In 2001, SAIL’s then executive editor, Charles Mason, awarded Garry Hoyt the magazine’s Industry Award for Leadership, noting his “insatiable desire to make sailing simpler,” and how his seemingly limitless ideas had benefited all sailors. Creating products and lines of boats with that overarching goal—to make sailing easier for more people to enjoy—resulted in innovations like Hoyt’s popular Freedom Yachts, cat-ketches with freestanding rigs, and the Hoyt Jib Boom, popularized in the early 1990s on the beautiful Alerion Express 28 and a forerunner to today’s common self-tacking jibs.

Forward was the way he was always looking when it came to sailing and design.

“Sailing quite correctly places high value on tradition,” Hoyt wrote on his website, “but new advances require the fuel of fresh thinking. And new materials are constantly opening up new design possibilities.”

“Hoyt was an early advocate of updating Olympic Classes and suggested including a foiling moth, the windsurfer, kite board, and speedy singlehanded A Cat multihulls long before anyone else,” writes Gary Jobson in Hoyt’s National Sailing Hall of Fame biography.

A three-time Olympian, 2022 inductee into the National Sailing Hall of Fame, visionary sailor, inventor, writer, and advertising executive, Hoyt died at age 93 on March 31. From his obituary:

Garry was born in Elizabeth, New Jersey, to Robert T. and Frances M. (Garrison) Hoyt on April 7, 1931. He was predeceased by his parents and former wife, Patricia T. Hoyt. Garry grew up in Plainfield, New Jersey. The family summered in Beachwood, New Jersey, and were members of the Beachwood Yacht Club, where Garry learned to sail at the age of 8.

He graduated from Plainfield High School Class of 1948 and Colgate University Class of 1952. He was captain of the swim team at both schools. This was followed by service to his country in the United States Coast Guard. In 1956 he earned a graduate degree from American Institute of Foreign Trade, now named Thunderbird School of Global Management in Phoenix, Arizona.

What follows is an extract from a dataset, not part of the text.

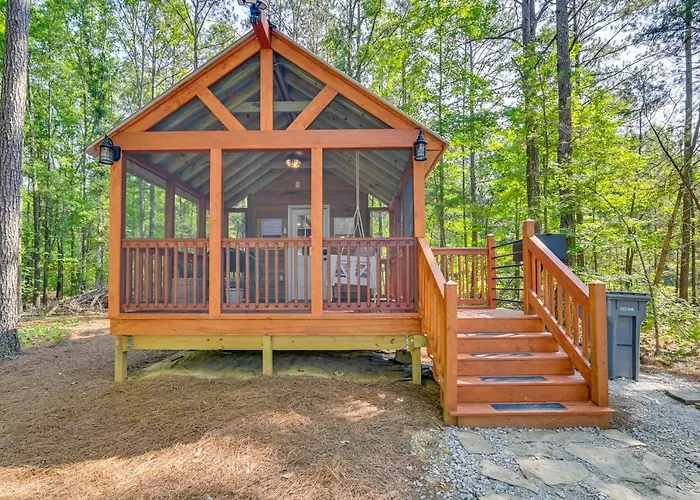 Contemporary Starkville Tiny Cabin 3 Mi To Msu!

Garry’s first career was with the leading global advertising and marketing agency of Young & Rubicam in New York City. After a short time, he was promoted to senior vice president and creative director, to lead business operations and creative services for all Y&R offices in San Juan, Puerto Rico, Latin America and the Far East. The 25 years spent in the Caribbean allowed him to focus on his favorite sport of sailing during his free time.

He represented Puerto Rico in the Olympic Games in Mexico, 1968, Germany, 1972, and Canada, 1976. In St. Thomas, USVI (1970), he became the first Sunfish World Champion. During his years of competitive sailing, he won many trophies in the Caribbean Ocean Racing Circuit and in later years at the Nantucket Yacht Club. He was the first skipper on an Alerion 26, the smallest boat in the fleet over the finish line, to become the overall winner of the 2006 Opera House Cup in Nantucket.

Garry retired from Y&R after 25 years to pursue his unwavering passion for sailing. He moved to Newport, Rhode Island, in 1980 where he began his second career. He founded Freedom Yachts and for the next 25 years he was a yacht designer and innovative entrepreneur. He was honored with SAIL Magazine’s 1999 Award for innovation and in 2001 their Award for Industry Leadership. To acknowledge his many accomplishments, he was inducted into the Barnegat Bay Sailing Hall of Fame in 2008 and the National Sailing Hall of Fame in 2022.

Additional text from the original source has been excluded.